Au bonheur des Dames 184
Pronto, quarenta anos depois (e vinte quilos mais) eis que vou até Coimbra para rever amigos e companheiros de uma luta que nos fez crescer. Estamos diferentes? Claro que estamos. E não falo apenas das barrigas, das calvas, dos cabelos brancos, das ausências que serão muitas (mormente porque nestas quatro décadas a Parca foi-se cevando na nossa gente) e das voltas que o mundo, a vida e os interesses pessoais ou políticos terão influenciado.
Vou, apesar de tudo, com a ideia de que é possível reunirmo-nos sem temer que a festa seja alvo de aproveitamentos. Também, se o for, é fácil atalhar: por aquí me sirvo e fiquem na paz do Senhor.
Para quem hoje me lê, é dificil descrever o misto de sentimentos que me assaltam ao publicar esta fotografia que o Fraga (ex-juiz lá para baixo…) me mandou. Nem sequer me recordo se, ao falar nesta assembleia magna (a de 28 de Maio de 1969 onde se votou a greve), fui o primeiro a pedir o voto estudantil para tão insensata acção. Porque era insensato ir para uma greve aos exames, porque sabiamos que haveria quem “furasse”. Porque sabíamos que os processos disciplinares iriam chover. Porque havia o risco de muitos dos nossos colegas perderem as magras bolsas que tinham. Porque pairava sobre todos (enfim sobre os rapazes) a ameaça de serem imediatamente incorporados no Exército e marcharem para uma eventual morte nos matos africanos. Porque sabíamos que a prisão nos esperava, a muitos de nós, como aliás ocorreu.
Mas votámos a greve! Mas a greve foi um êxito sem precedentes. Mas os castigos, as prisões e a mobilização não esmoreceram ninguém ou quase ninguém. E no fim, meses depois, o reitor era substituído, o ministro era demitido, os castigos eram levantados, as bolsas reencaminhadas para os seus destinatários, as mobilizações suspensas e regressavam a Coimbra os estudantes compulsivamente enviados para Mafra. Não sei se isto foi coragem, insensatez, indignação ou solidariedade. Sei que o fizemos e que alguns de nós ainda por aí andam para o contar. E que, a nosso modo, provámos que o Estado não era invencível e que o regime não era intocável.
Quarenta anos e vinte quilos depois, continuo a pensar que valeu a pena.
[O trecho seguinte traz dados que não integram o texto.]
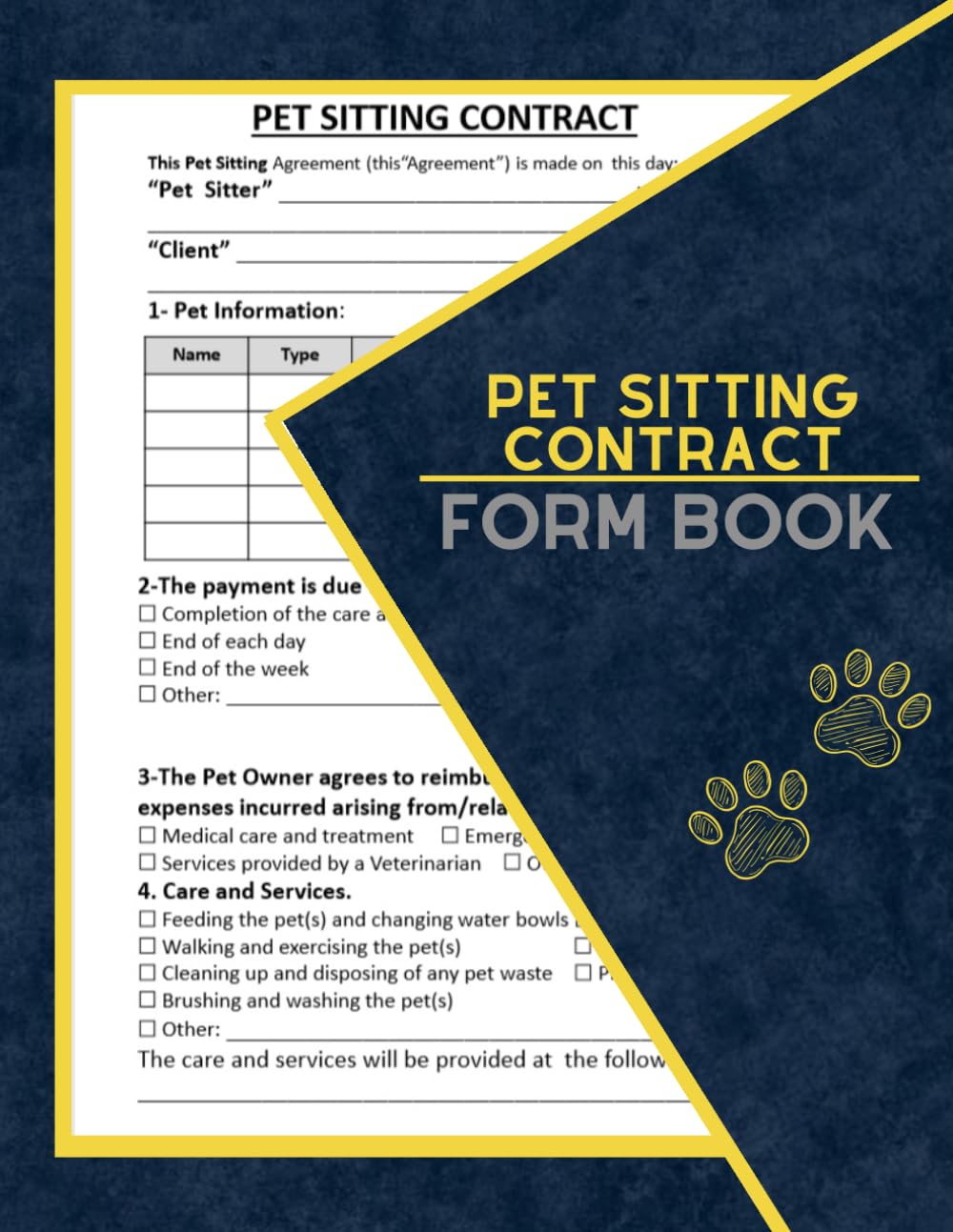 Pet Sitting Contract Form Book: Dog / Cat Sitting Services Agreement, 59 Contracts | 8.5''x11'' Inch. Agreement Between Client and Sitter baixar livro de graça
Que vale a pena indignarmo-nos, protestarmos e dizer não.
Há nãos que são um sim ao futuro.
Esta vai dedicada a todos sem excepção que fizeram a crise de 1969 em Coimbra mas muito especialmente ao António Mendes de Abreu, ao joão Bilhau, ao Zé Barros Moura, ao João Amaral, ao Alfredo Soveral Martins ao José Orlando Bretão aos Fernandes Martins (pai e filho) a Orlando de Carvalho, Paulo Quintela, Férrer Correia e Carlos Mota Pinto (alunos e professores de uma universidade rígida e antiquada que porém não conseguia evitar de longe em longe estes sismos de alta intensidade)para não citar muitos outros que seguramente fariam jus a uma simples menção.
*na gravura: mcr com sessenta modestos quilos e barbudo como convinha arenga às massas na Magna realizada nos jardins da AAC.